Testimonies from Dollar’s followers are hard to come by, but there’s no denying the World Changers Church International system, whereby Dollar takes and God is supposed to act like an ATM, has worked out well for Dollar.

Besides the aging private jet, Dollar and his wife, Taffi Dollar, have two Rolls Royce’s and multiple multi-million-dollar homes (they sold one New York City apartment for $3.75 million in 2012.) Mr. Dollar wears gaudy pinstripe suits and crocodile shoes, and Mrs. Dollar has a side-career as a record label CEO and gospel singer.

In addition, I found out that most of Creflo Dollar’s followers didn’t have much money — as the The Root stated, Dollar has an estimated net worth of $27 million—900 times more than the $29,640 average annual income in College Park, Ga., where he holds court.”  So I was thoroughly interested.  How could he get them to dig that deep into their pocketbooks?

Now, I’m not always angry at Christianity.  Some days, I hardly think about it.  Most of the time, I’m not beet-red furious.  Frequently, although I’m fairly vocal online, in person I’m a live-and-let-live person, much of the time.  Religion isn’t my thing, and I’ll fight it on a larger level, but there is usually a part of me that says, on some level, that if religion is your thing…it may be wrong and somewhat harmful, but at least it makes you happy.  Some days I’ll go for days at time where religion hardly upsets me at all, honestly.

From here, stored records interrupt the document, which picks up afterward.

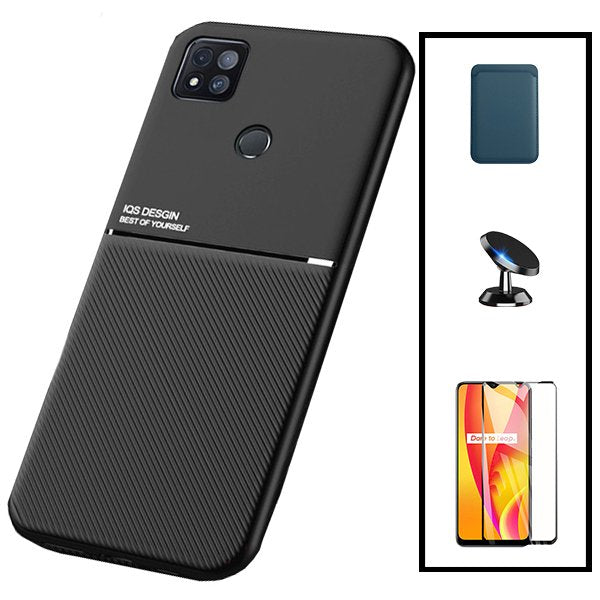 Kit Capa Magnetic Lux + Magnetic Wallet Azul + 5D Full Cover + Suporte Magnético de Carro para Xiaomi Redmi 9 Activ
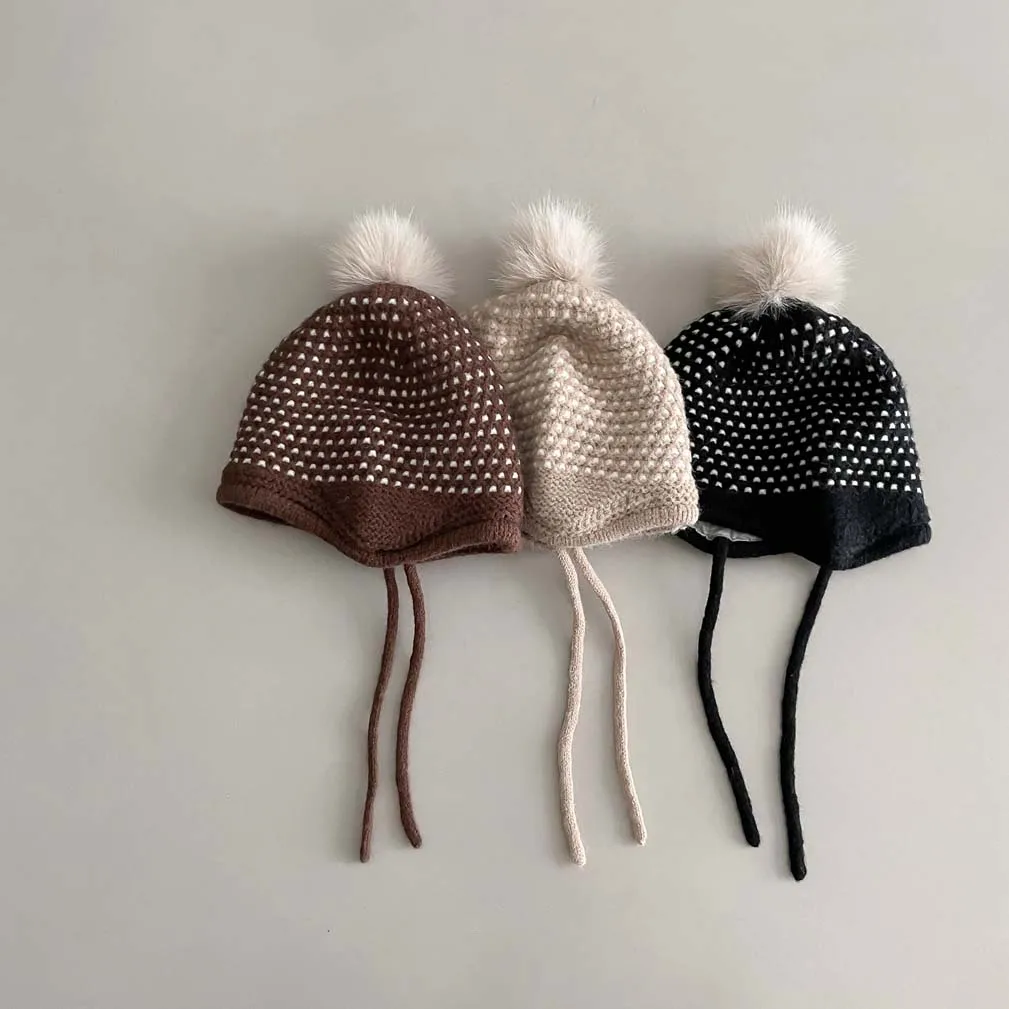 Korea Cute Pom Baby Knitted Hat 2023 Autumn Kids Beanie Caps Children's Knitted Ear Protection Hat For Girls Boys Wool Caps children s bath ear protection shower cap baby adjustable shampoo artifact eva shampoo cap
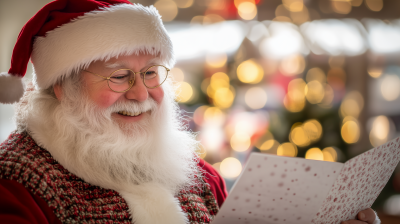 Santa Reading a Letter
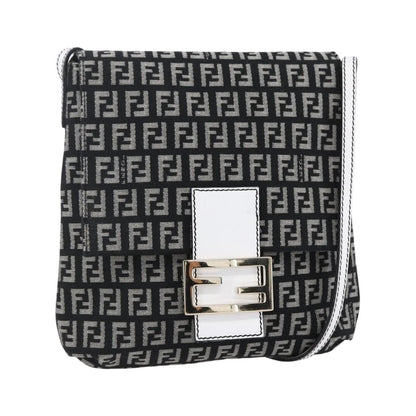 Fendi Vintage Flap Zucchino Canvas, Black, Canvas, Shoulder Bag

My curiosity as to what kind of sermons could prompt a congregation to give that much money to their minister ended all that.  I boiled with rage halfway through.

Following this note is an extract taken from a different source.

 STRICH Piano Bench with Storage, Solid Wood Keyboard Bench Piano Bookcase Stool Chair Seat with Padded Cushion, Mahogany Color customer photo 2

You don’t want to watch it.  It’s an hour long, and I’m gonna go through it to save you the trouble.  But in case you’re ever curious as to how manipulative a pastor can be, against my better judgment, here is a YouTube video of one of Creflo Dollar’s hour-long sermons:

[youtube]https://www.youtube.com/watch?v=Uqfug4Ue9VM[/youtube]

The first twenty minutes are about renewing your mind, about presenting yourself as a living sacrifice, about not worrying about what the world thinks and the world’s concerns, and focusing on God, instead.  I remember being in church once and just accepting that, but as an atheist I can see that he is clearly cutting his congregation off from every world-based concern that they have.  At one point, he says that if you lose your job and are worried about money, you need to change the way you feel by changing the way you think, and you can change the way you think by talking about concentrating on God as opposed to feeling upset that you don’t have money.  And that will make you happy.  God will make you happy.

I mean, it’s pretty darn easy to take money from somebody if you can convince them not to worry about their money.  It’s pretty easy to convince someone to dedicate their time to you if you can convince them that it’s noble to sacrifice their time.  It’s pretty easy to convince a congregation not to be suspicious of your motives if you can convince them that your focus, and all that you do, comes from the same Word of God they should be listening to, and they should not be concerned about “worldly” suspicions or concerns.

Basically, Creflo Dollar, with subtle skill, manages to cut off the congregation from every single connection they would have to an awareness of life outside of the web of lies he is weaving with Bible verses like, Romans 12:1, which says to present your bodies to God (a God defined by Creflo Dollar) as living sacrifices, holy and acceptable to said God.  Every concern about doing this, every worry, every practical suspicion, is cut off.  It’s truly disturbing, those first 15 minutes.

Then, he talks about death.  And he focused on how he was able to make people happy about death — which isn’t surprising, because it became obvious that Dollar has the ability to use a definition of God that cuts people off from being concerned about day-to-day affairs.  So he could use it to cut people off from their grief, and give them a more beautiful picture.  One in which, he said, they would see their loved ones.  He describes the picture to his congregation in invigorating detail.  I mean, I don’t believe any of it, and thought it was beautiful.  And with the tunnel vision that took out the world’s concerns strategically in the first 20 minutes, the congregation is taking it in.  They’re laughing.  They’re excited, too.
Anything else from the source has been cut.